In their own briefs to the court, county prosecutors argued that the charges against Price stem not from mere oversights, but from a pattern of behavior that stretches all the way back to the 2000s, when Price serves as Inglewood city councilman. He obtained medical benefits for Richardson then, and in 2008, while he was serving for the state legislator — and still technically married to his first wife, Lynn Price.
As for the conflict of interest charges, prosecutors wrote, “It appears Curren Price was put on notice about his conflicts of interest by the Fair Political Practices Commission (FPPC) starting, at least, as early as June 21, 2019.”
Judge Craig Richman asked a pointed to question to Michael Schafler, Price’s attorney: “If we assume someone was claimed as a spouse and wasn’t, would you agree that that’s a crime?”
“It’s not embezzlement,” said Schafler.
“What crime do you think it would be?” the judge asked.
“Some sort of theft?” Schafler said. “It’s not embezzlement.”

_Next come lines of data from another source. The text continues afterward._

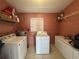 Laundry room with washer, dryer, and storage shelving at 5937 Colchester Dr, Orlando, FL 32812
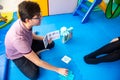 Speech therapist man treating a patient sitting on the floor.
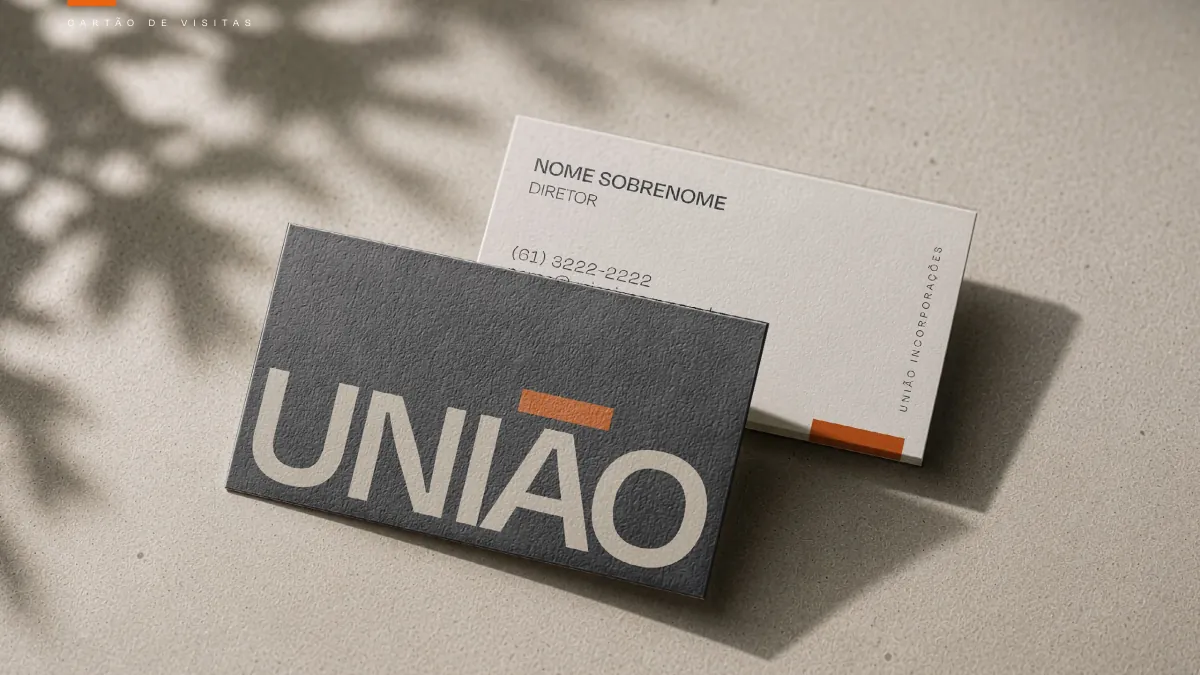 União Incorporações business cards in graphite with an orange accent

“We agree that there’s a crime,” said Judge Richman, a bit later. “The question becomes what the crime is — if this is what took place. The people have chosen to allege embezzlement of public funds. I am not in a position to say it was not.”
The judge said the defense’s objections could likely be heard again later at some sort of evidentiary hearing. With that, he denied the demurrer, saying, “I do believe the defense is on sufficient notice of criminality.”
Seconds later, Price’s lawyer entered a “not guilty” plea for his client. The case will now proceed toward a preliminary hearing, and later, a trial.
“Naturally, we’re disappointed by the court’s decision not to sustain the demurrer,” Schafler said after the hearing, “Although it does not come as a large surprise.”
He added, “Having closely examined a substantial portion of the prosecution’s evidence, we are confident that they will be unable to meet their burden,” and urged Price’s constituents to “withhold judgment while the legal process unfolds.”